Para Shetty, el aplaudido modelo australiano es un ejemplo de "externalización de la responsabilidad".

En entrevista con la agencia australiana AAP, admitió que a AI le preocupa que Europa y otras naciones se interesen por un modelo como el australiano.

"La cuestión verdadera es que estos países no ofrecen una ruta segura y legal, así que de manera efectiva alientan el modelo de negocio de los traficantes", consideró.

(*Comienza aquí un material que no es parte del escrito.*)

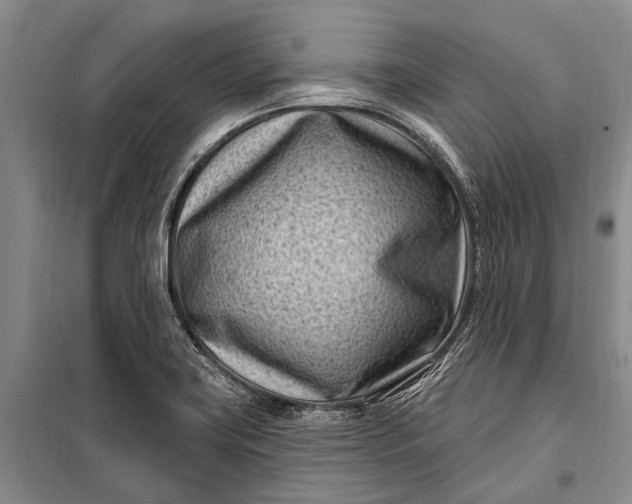 X0000100211419200806131242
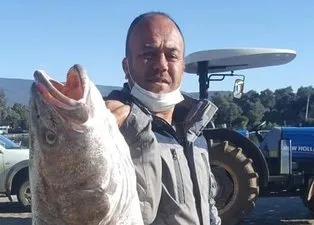 İnsan boyundaki levrek görenleri şoke etti
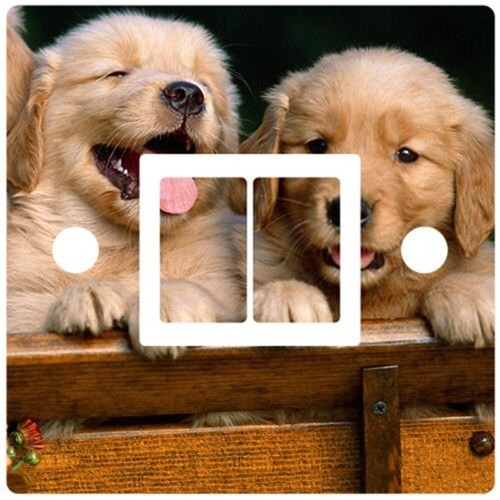 Labrador golden retriever - labrador,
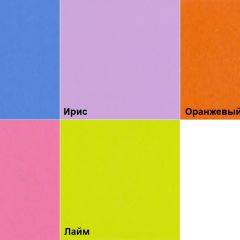 Шкаф 2-х створчатый с ящиками (1000) в Лесном - lesnoy.mebel24.online | фото 5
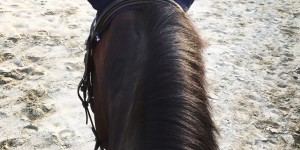 Beitragsbild des Blogbeitrags Distanz erkannt und reingerannt! Das Springreiten 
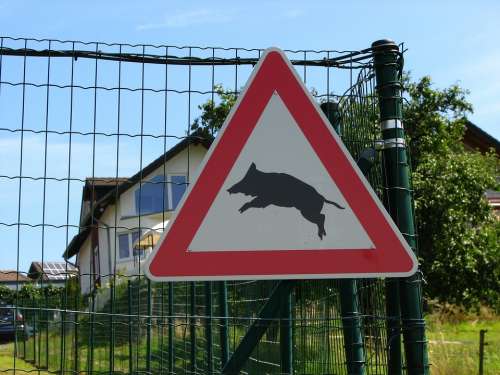 Street Sign Boar Attention Cross Risk Sow Wild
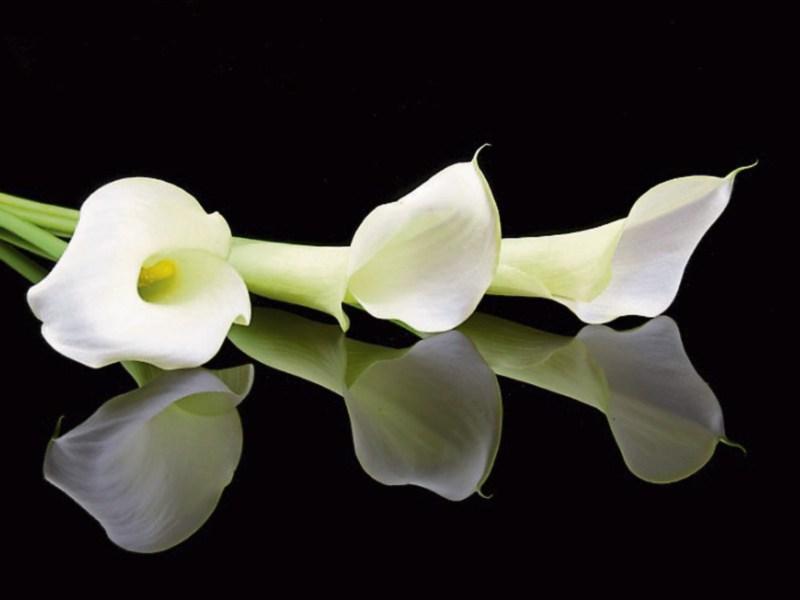 Recent deaths in Tipperary Monday 24 October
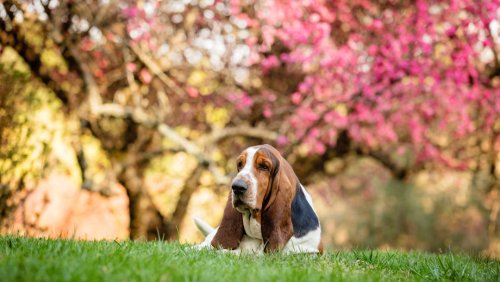 12 Dog Breeds Often Mistaken for Being Dumb (But They’re Smarter than You Think)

Cuando los Gobiernos dan "respuestas fragmentarias e inconsistentes, la gestión de los flujos migratorios mixtos la asumen los contrabandistas, los traficantes y las redes criminales transnacionales", alertó el comisionado de la ONU para los Refugiados, Filippo Grandi.

Europol calcula que el 90 % del tráfico de migrantes por el Mediterráneo está en manos de redes ilegales y un panorama semejante se replica en Centroamérica o el Sudeste Asiático.

En un discurso en Bruselas en diciembre pasado, Grandi censuró a los países europeos su mal manejo de la crisis migratoria de 2015 y abogó por abandonar las políticas migratorias nacionales en pro de un enfoque global.

La oportunidad: el pacto que la ONU ha acordado negociar, con el objetivo de aprobarlo en septiembre de 2018.

"Todos los países del mundo coincidieron en que necesitamos un sistema migratorio más ordenado, tener más canales regulares para la migración y hacer la migración más segura. Cómo se hará sigue siendo una cuestión abierta", dijo a DPA el jefe de la división de investigación de la OIM, Frank Laczko.

El "Pacto Mundial para una migración segura, regular y ordenada" estará acompañado de otro convenio internacional sobre los refugiados, en el que se espera que los países asuman compromisos más explícitos para su protección.

El texto debe negociarse entre febrero y julio de 2018, para que sea adoptado en una cumbre de jefes de Estado y de Gobierno que se celebrará justo antes de la Asamblea General de la ONU en septiembre de ese año.

El director de la OIM (Organización Internacional para las Migraciones), William Lacy Swing, está convencido de que se necesitan "más rutas legales para proteger a los que migran".

"Y necesitamos descriminalizar la migración, de modo que los migrantes irregulares no sean colocados en centros de detención", dijo a la agencia suiza SDA.

A Swing le inquieta la visión negativa que la sociedad tiene del migrante tanto como a Shetty la imagen que algunos Gobiernos difunden sobre los refugiados, como si fueran terroristas.

Igual opina la representante especial de la ONU para la migración internacional, Louise Arbour, quien en mayo pasado pidió que las políticas migratorias superen la mentalidad "nosotros contra ellos".

"Los migrantes no son una carga, y mucho menos una amenaza. Manejada correctamente, la migración nos beneficia a todos", aseguró.

El éxito, agregó, "dependerá en gran medida de nuestro compromiso sostenido, de palabra y hecho, para cambiar la óptica con la que miramos a la migración".

Los flujos migratorios son "un fenómeno temido por demasiadas personas hoy en día" cuando, según destacó Arbour, tienen un "impacto increíblemente positivo en la sociedad".